Strain modifications for Medium 503

Add 1.70 g/l NaNO₃ to solution A and replace D-glucose with 1.25 g/l taurine as substrate.

Omit glucose and sodium resazurin. Supplement medium with 2.20 g/l sodium phosphite hydrate.

Omit glucose. Add 0.70 g/l Na₂SO₄ to solution A and use 1.50 g/l Na-propionate as substrate. Reduce the amount of sulfide to 0.10 g/l and use 25 - 50 mg sodium dithionite per liter (e.g. from a freshly prepared filter-sterilized 5% w/v solution) for reduction of the medium prior to inoculation.

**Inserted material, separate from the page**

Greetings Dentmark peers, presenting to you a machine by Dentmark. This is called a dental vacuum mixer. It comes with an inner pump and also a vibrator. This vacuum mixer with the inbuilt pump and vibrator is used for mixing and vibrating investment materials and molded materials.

Omit glucose. Add 0.85 g/l NaNO₃ to solution A. Use 0.10 g/l yeast extract and 1.10 g/l Na-pyruvate as substrates. Na-pyruvate is added to the autoclaved medium from a sterile anoxic stock solution sterilized by filtration.

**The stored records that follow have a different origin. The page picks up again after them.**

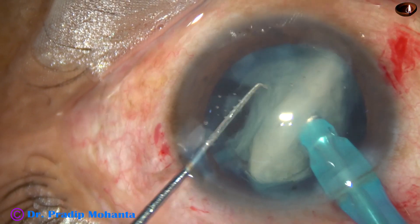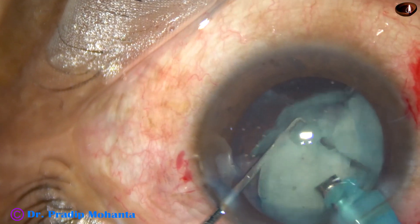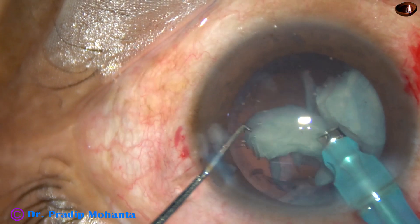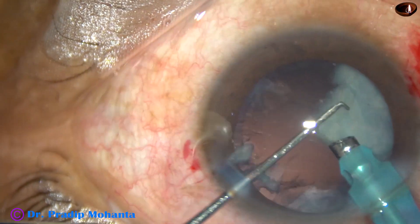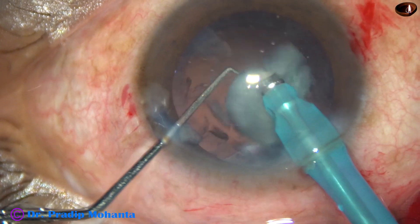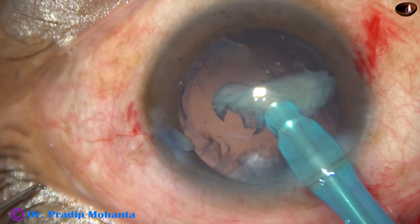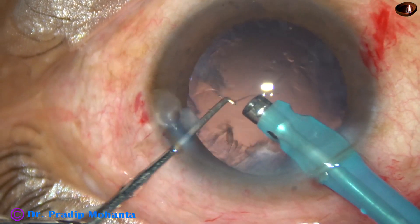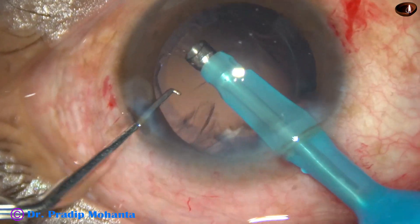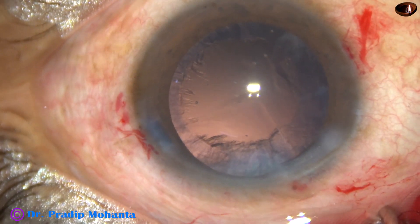So tilt the nucleus and start eating it up. When the nucleus is very soft, you can just rotate it several times, tilt the nucleus and start eating it up. This is the last nuclear fragment. Phaco power used in this case is 50%, flow rate is 40 ml per minute, and vacuum is 350 mmHg. This is early cataract-style emulsification.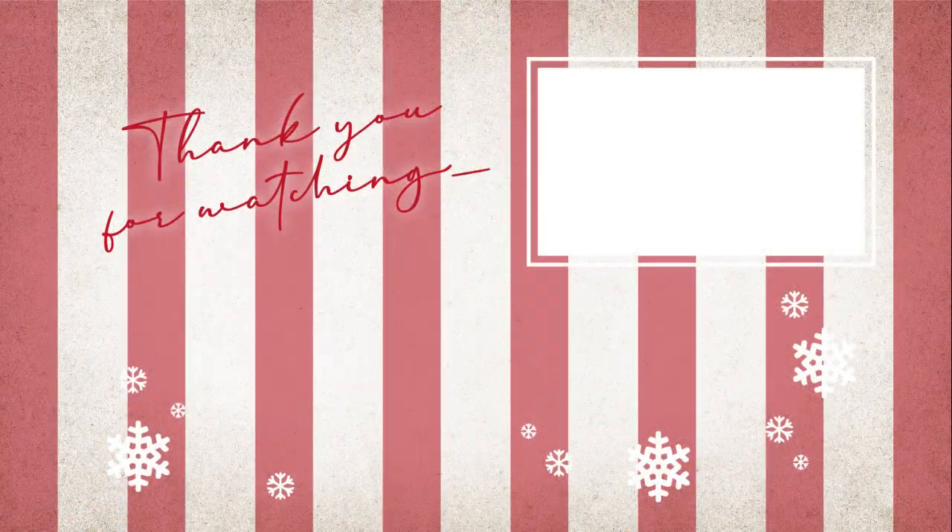That was it for today — I hope you enjoyed this video. If you did, please give it a thumbs up; it really helps my channel grow. If you missed the first episode of this advent calendar unboxing, you can find the link down below in the info box. Here you can also see another Christmas video suggested for you — it's the one I made last year, with a bit of thrifting, vintage unboxing, and a haul. I'll see you there, bye!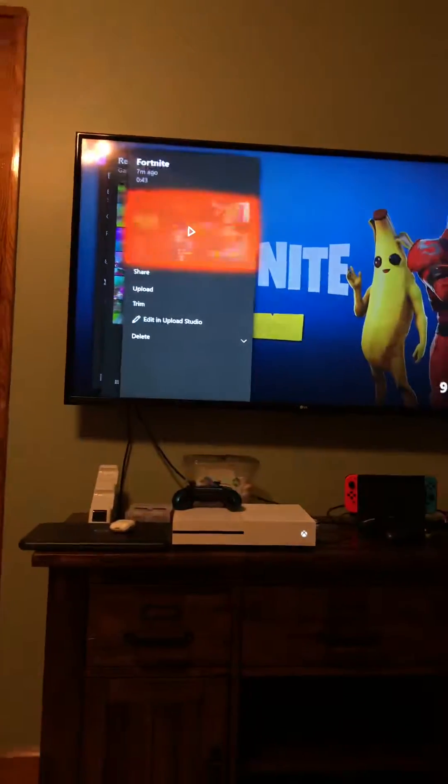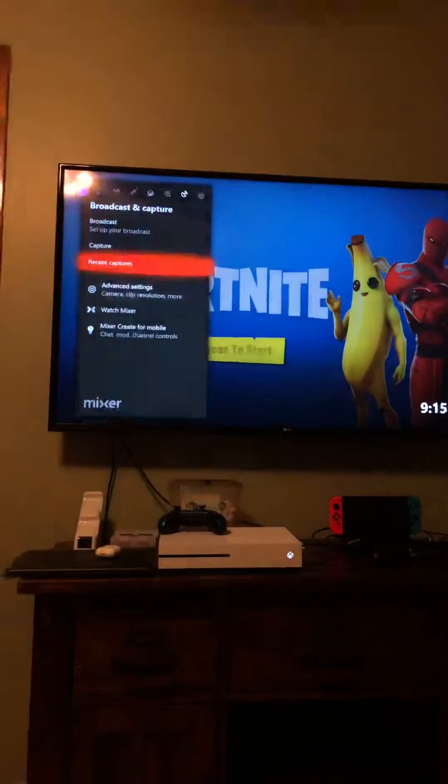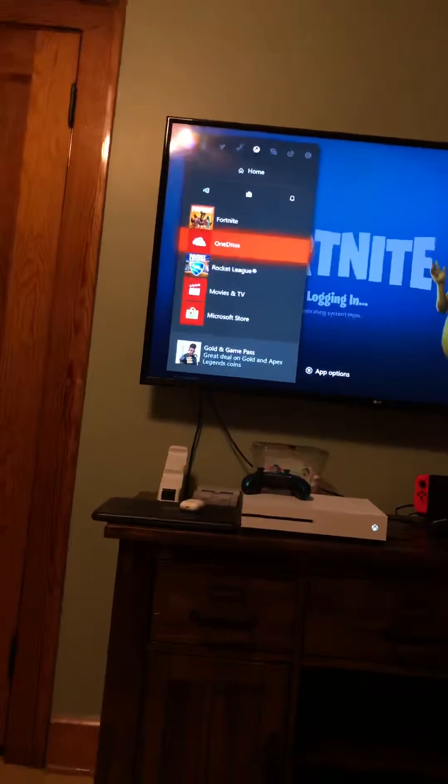What I did was I went here, I just went to Upload, and I hit Upload to OneDrive — I already did it so I'm not going to upload it again. But if it says sorry, we cannot upload this clip to OneDrive, just close out everything, make sure all your apps are quit on your Xbox, and just restart the thing. And that does it.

Omit sodium carbonate, reduce amount of D-glucose to 2.00 g/l and add 1.00 g/l yeast extract as substrate. Adjust pH of complete medium to 5.5.

Omit solution C. Use as final concentration: 10 mM taurine, 60 mM Na-formate, and 200 µM 1,4-naphthochinone as substrates added from anoxic stock solutions sterilized by filtration

Reduce amount of D-glucose to 0.40 g/l and add 1.00 g/l yeast extract as substrate.

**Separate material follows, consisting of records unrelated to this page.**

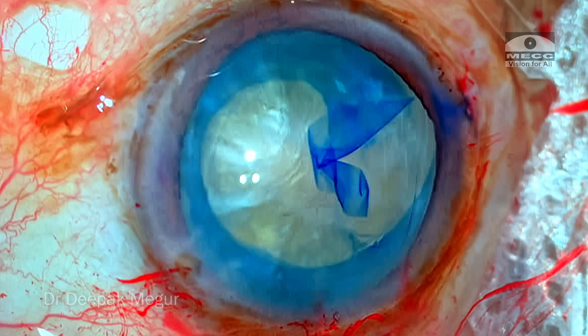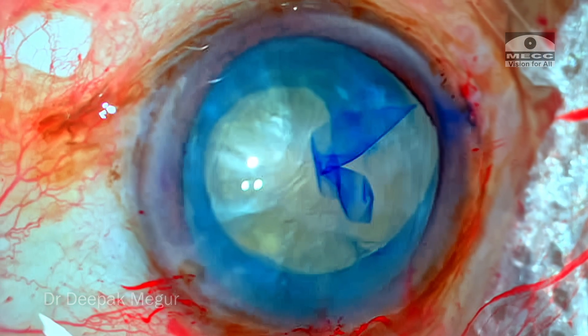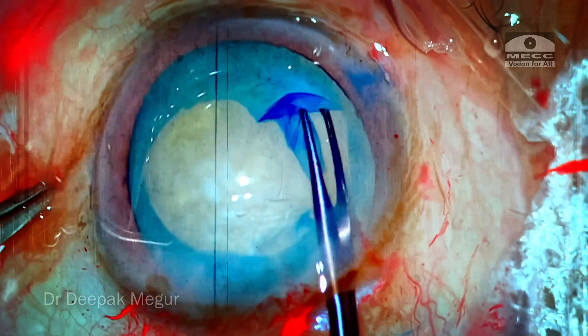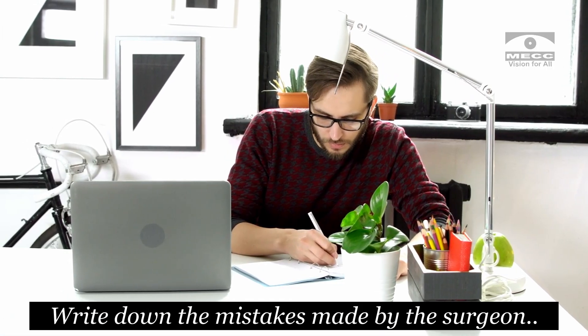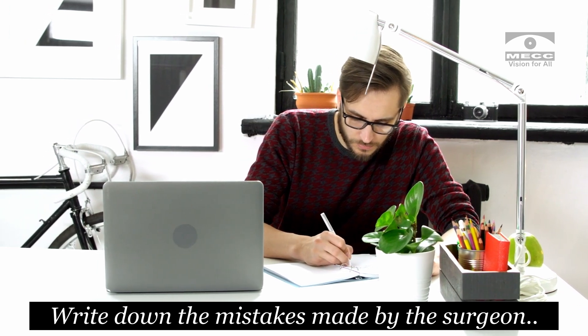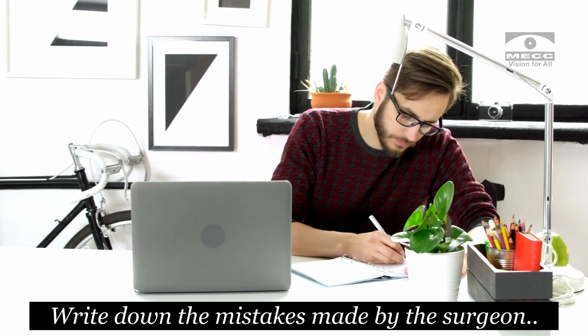It has headed to the equator. At this point I would like all of you to pause the video, rewind back a couple of minutes, and then take a pen and paper and write down what mistakes the surgeon made so that the rhexis retrieval was unsuccessful.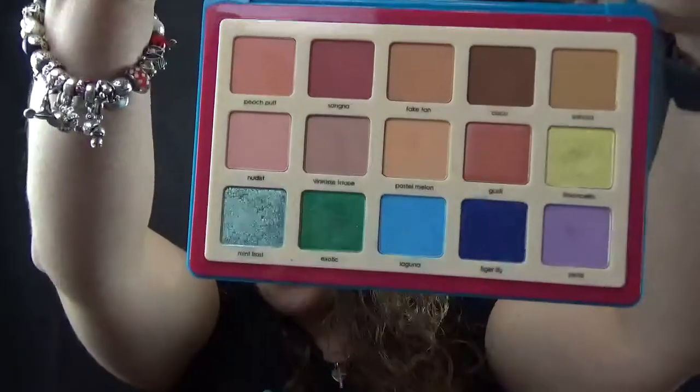I put the vote out on five palettes and the top two were: number one, Natasha Denona, and number two, the Tarte Be A Mermaid Make Waves. I did a full swatch tutorial and review on these and as you will know I absolutely love them both.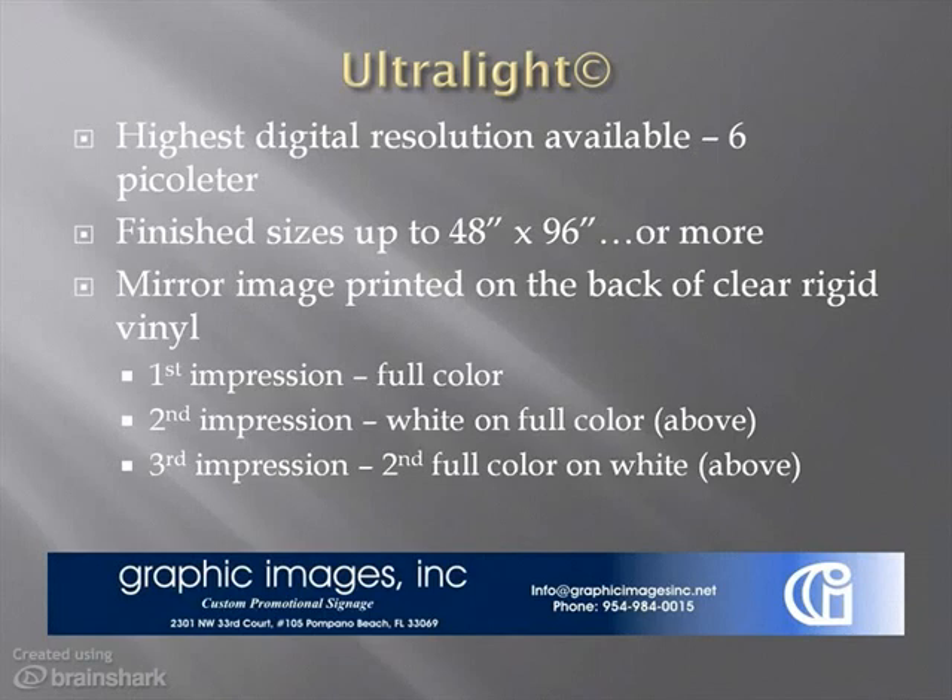Results like this can only be achieved by skilled craftsmen employing the most advanced digital printing technology available in the industry today. We have an array of equipment in this category. For most lightbox applications, we recommend using a high-quality, clear, rigid vinyl material as the medium. From there, we print in reverse on the back of the vinyl material in three steps. First, a full-color, high-resolution impression on the back of the vinyl.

Reduce amount of D-glucose to 1.80 g/l.

Reduce amount of glucose to 2 mM (0.36 g/l); defined coculture with Methanospirillum hungatei. Incubate in the dark. Anaerobic

Reduce glucose to 3g/l. Add 1g/l yeast extract.

Replace D-glucose with 0.20 g/l yeast extract and 2.66 g/l L-aspartic acid as substrates added from anoxic stock solutions sterilized by filtration.

Replace D-glucose with 0.50 g/l Na-pyruvate as substrate added from an anoxic stock solution sterilized by filtration. Supplement solution A with 2.0 g/l yeast extract.

Replace D-glucose with 0.50 g/l yeast extract and 1.00 g/l L-rhamnose as substrates added from anoxic stock solutions sterilized by filtration .

Replace D-glucose with 0.82 g/l Na acetate and 3.20 g/l Na₂ fumarate as substrates added from anoxic stock solutions sterilized by filtration.

Replace D-glucose with 1.00 g/l yeast extract and 2.00 g/l Na glycolate as substrates.

Replace D-glucose with 1.00 g/l yeast extract and 2.50 g/l Na (D/L)-3 hydroxybutyrate as substrates.

Replace D-glucose with 1.00 g/l yeast extract and 5.00 g/l D-fructose as substrates added from anoxic stock solutions sterilized by filtration.

Replace D-glucose with 1.50 g/l of Na (D/L) 3 hydroxybutyrate or 2.00 g/l D-fructose as substrate.

Replace D-glucose with 1.60 g/l Na₂-maleate as substrate added from an anoxic stock solution sterilzed by filtration. Adjust pH of complete medium to 6.7 - 6.8.

Replace D-glucose with 2.00 g/l of xylose or xylan as substrate.

Replace D-glucose with 2.00 g/l yeast extract and 2.00 g/l Trypticase peptone (BD BBL) as substrates.

Replace D-glucose with 2.50 g/l of Na₂ succinate as substrate.

Replace D-glucose with 2.50 g/l taurine as substrate.

Supplement medium after autoclaving with 0.1 g/l yeast extract, 2.0 g/l D-mannose, and 1 ml/l Wolin's vitamin solution (10x) added from anoxic stock solutions sterilized by filtration. Omit D-Glucose.

Supplement medium after autoclaving with 0.50 g/l yeast extract and 0.40 g/l L-cysteine HCl x H₂O added from sterile anoxic stock solutions.

Supplement medium with 2.00 g/l yeast extract added from an anoxic stock solution sterilized by filtration.

Supplement medium with 20 ml/l FeSO₄ x 7 H₂O solution (0.1% w/v), 1 ml/l Na-dithionite solution (5% w/v), 0.8 ml/l Methanol, and 2 g/l Trimethylamine-HCl. Omit D-Glucose.